Beekeepers across the United States lost 44 percent of their honey bee colonies during the year spanning April 2015 to April 2016, according to the latest preliminary results of an annual nationwide survey.
Rates of both winter loss and summer loss—and consequently, total annual losses—worsened compared with last year. This marks the second consecutive survey year that summer loss rates rivaled winter loss rates.

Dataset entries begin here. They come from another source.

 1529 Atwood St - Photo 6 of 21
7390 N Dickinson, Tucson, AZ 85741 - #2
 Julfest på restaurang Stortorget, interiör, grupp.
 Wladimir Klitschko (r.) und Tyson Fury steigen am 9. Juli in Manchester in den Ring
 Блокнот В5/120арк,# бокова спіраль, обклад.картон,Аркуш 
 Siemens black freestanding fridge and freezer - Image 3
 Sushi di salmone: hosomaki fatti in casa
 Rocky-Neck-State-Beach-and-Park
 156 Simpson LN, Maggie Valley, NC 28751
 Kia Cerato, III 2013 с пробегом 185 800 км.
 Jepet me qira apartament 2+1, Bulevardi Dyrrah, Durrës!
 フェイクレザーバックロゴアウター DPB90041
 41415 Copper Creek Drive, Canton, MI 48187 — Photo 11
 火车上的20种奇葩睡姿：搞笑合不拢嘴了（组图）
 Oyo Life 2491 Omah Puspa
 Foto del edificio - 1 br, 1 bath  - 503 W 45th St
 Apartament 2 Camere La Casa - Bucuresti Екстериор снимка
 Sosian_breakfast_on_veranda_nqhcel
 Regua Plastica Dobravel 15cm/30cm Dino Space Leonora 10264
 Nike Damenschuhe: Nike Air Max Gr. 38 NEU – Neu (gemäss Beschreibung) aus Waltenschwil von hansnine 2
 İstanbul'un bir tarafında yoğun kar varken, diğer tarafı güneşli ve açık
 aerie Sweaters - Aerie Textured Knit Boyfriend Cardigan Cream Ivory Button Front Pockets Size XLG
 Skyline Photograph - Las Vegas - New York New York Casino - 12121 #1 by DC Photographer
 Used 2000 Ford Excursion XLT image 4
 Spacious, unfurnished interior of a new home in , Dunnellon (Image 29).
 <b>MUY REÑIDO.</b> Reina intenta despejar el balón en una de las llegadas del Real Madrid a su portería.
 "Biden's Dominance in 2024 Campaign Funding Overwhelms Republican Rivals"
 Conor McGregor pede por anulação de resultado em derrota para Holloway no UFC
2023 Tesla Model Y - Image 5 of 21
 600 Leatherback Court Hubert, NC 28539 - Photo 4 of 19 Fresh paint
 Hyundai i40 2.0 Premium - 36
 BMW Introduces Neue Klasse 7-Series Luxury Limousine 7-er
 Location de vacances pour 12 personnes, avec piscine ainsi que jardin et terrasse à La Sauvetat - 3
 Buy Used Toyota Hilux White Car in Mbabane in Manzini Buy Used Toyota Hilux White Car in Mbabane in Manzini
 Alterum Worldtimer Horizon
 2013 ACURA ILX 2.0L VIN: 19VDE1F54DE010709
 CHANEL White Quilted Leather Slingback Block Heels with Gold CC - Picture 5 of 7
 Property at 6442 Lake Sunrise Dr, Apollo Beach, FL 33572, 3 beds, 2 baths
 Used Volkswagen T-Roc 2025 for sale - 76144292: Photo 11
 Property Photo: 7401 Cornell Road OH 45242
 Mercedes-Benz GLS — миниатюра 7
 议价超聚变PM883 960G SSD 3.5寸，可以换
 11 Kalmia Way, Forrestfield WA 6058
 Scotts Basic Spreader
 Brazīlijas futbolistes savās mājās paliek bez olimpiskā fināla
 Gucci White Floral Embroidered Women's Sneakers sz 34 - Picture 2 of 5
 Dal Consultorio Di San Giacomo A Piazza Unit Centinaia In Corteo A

The survey, which asks both commercial and small-scale beekeepers to track the health and survival rates of their honey bee colonies, is conducted each year by the Bee Informed Partnership in collaboration with the Apiary Inspectors of America, with funding from the U.S. Department of Agriculture (USDA). Survey results for this year and all previous years are publicly available on the Bee Informed website.
\As NPMA’s Public Policy team noted, many factors are thought to contribute to colony loss. In a multi-year study of honey bee colony health recently published in the journal of Apidologie, parasites and pathogens are more damaging to colonies than previously considered. Findings showed that varroa mite is far more abundant in commercial and private colonies, and the once rare Chronic Bee Paralysis Virus is more prevalent than when it was first detected in 2010. Promisingly, this survey revealed that an exotic species of varroa mite, the tropilaelaps mite, and the slow bee paralysis virus have not yet been introduced into the United States.